Re: regulator: deadlock vs memory reclaim

From: Mark Brown
Date: Mon Aug 10 2020 - 13:32:06 EST


On Mon, Aug 10, 2020 at 06:09:36PM +0200, Michał Mirosław wrote:
> On Mon, Aug 10, 2020 at 04:39:28PM +0100, Mark Brown wrote:
> > On Mon, Aug 10, 2020 at 12:25:37AM +0200, Michał Mirosław wrote:

> > > regulator_lock_dependent() starts by taking regulator_list_mutex, The
> > > same mutex covers eg. regulator initialization, including memory allocations
> > > that happen there.
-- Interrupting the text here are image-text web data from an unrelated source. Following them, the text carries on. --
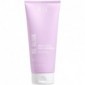 Mulac Be Slck Maschera Lisciante 200 Ml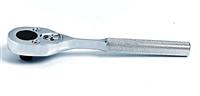 3/8" Drive Pear Head Ratchet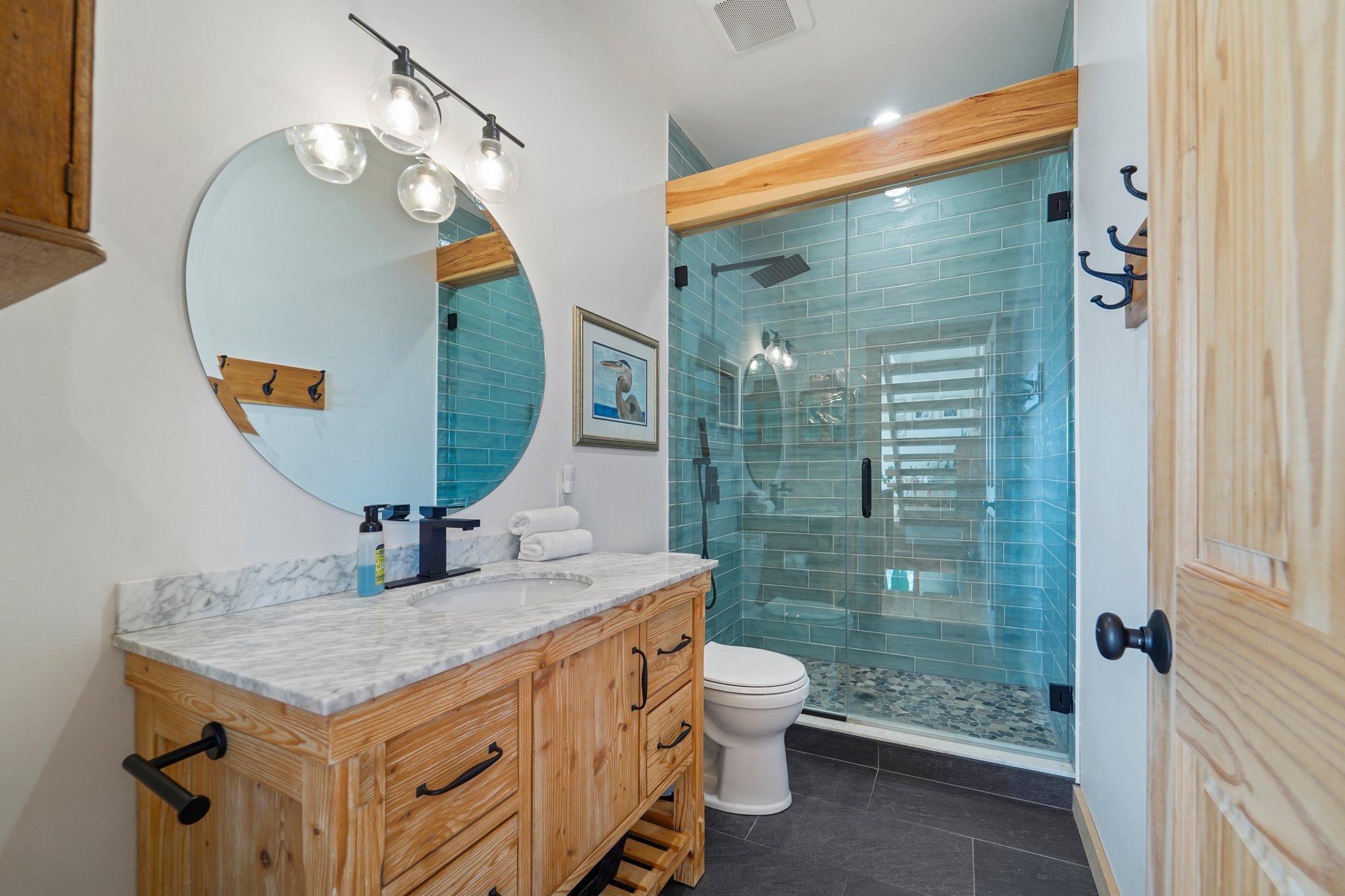 Deer Trl-S1004-035.jpg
This will deadlock when you have filesystem on eg. eMMC
> > > (which uses a regulator to control module voltages) and you register
> > > a new regulator (hotplug a device?) when under memory pressure.
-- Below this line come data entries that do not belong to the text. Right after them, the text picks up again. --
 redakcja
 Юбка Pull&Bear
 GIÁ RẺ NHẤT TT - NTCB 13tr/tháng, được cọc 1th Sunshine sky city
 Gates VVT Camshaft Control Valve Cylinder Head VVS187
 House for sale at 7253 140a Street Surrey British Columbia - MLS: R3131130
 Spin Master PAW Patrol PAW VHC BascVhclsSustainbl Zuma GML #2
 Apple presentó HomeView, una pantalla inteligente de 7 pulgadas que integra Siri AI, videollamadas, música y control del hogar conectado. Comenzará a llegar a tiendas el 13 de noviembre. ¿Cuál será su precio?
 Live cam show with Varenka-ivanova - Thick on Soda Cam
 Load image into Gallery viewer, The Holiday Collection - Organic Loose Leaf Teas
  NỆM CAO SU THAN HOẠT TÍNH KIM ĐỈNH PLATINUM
> > OK, that's very much a corner case, it only applies in the case of
> > coupled regulators. The most obvious thing here would be to move the
> > allocations on registration out of the locked region, we really only
> > need this in the regulator_find_coupler() call I think. If the
> > regulator isn't coupled we don't need to take the lock at all.

> Currently, regulator_lock_dependent() is called by eg. regulator_enable() and
> regulator_get_voltage(), so actually any regulator can deadlock this way.

The initialization cases that are the trigger are only done for coupled
regulators though AFAICT, otherwise we're not doing allocations with the
lock held and should be able to progress.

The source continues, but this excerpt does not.